■ PROBLEM STATEMENT
From the first line of the listing below through the line with "CDPH is warning", transcribe exactly and skip the pictures.

■ INFORMATION PROVIDED
◇ ◇ ◇
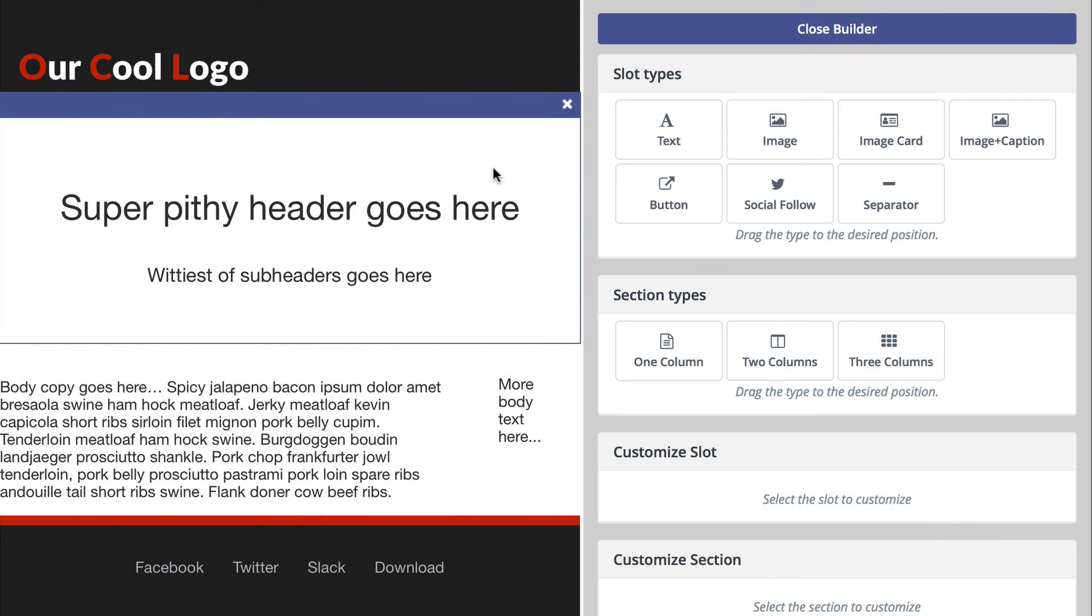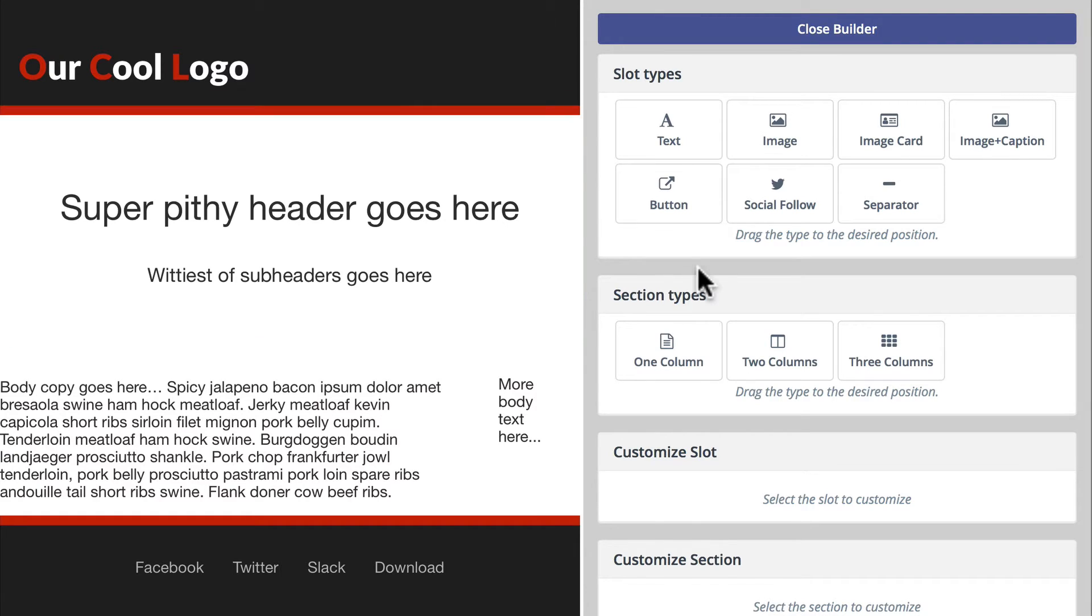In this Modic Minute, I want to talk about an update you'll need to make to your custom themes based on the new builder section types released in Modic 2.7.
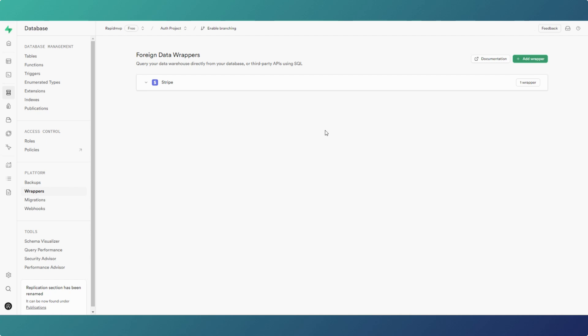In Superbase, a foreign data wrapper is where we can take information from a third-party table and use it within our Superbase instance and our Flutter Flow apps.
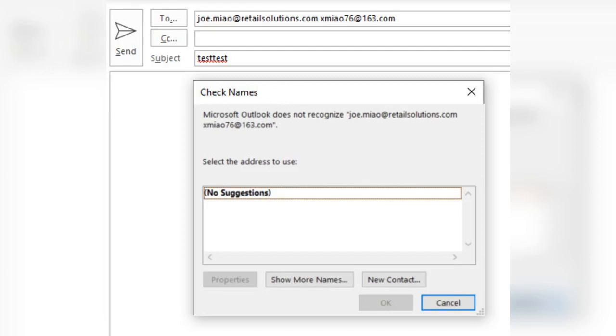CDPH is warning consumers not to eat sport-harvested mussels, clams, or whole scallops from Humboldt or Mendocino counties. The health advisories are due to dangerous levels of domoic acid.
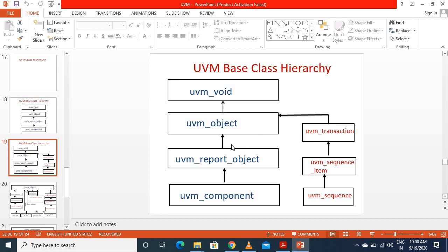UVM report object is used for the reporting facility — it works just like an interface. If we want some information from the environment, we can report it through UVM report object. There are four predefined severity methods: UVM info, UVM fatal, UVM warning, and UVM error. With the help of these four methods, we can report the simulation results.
◇ ◇ ◇
■ RESPONSE TO THE TASK
In this Modic Minute, I want to talk about an update you'll need to make to your custom themes based on the new builder section types released in Modic 2.7.
In Superbase, a foreign data wrapper is where we can take information from a third-party table and use it within our Superbase instance and our Flutter Flow apps.
CDPH is warning consumers not to eat sport-harvested mussels, clams, or whole scallops from Humboldt or Mendocino counties. The health advisories are due to dangerous levels of domoic acid.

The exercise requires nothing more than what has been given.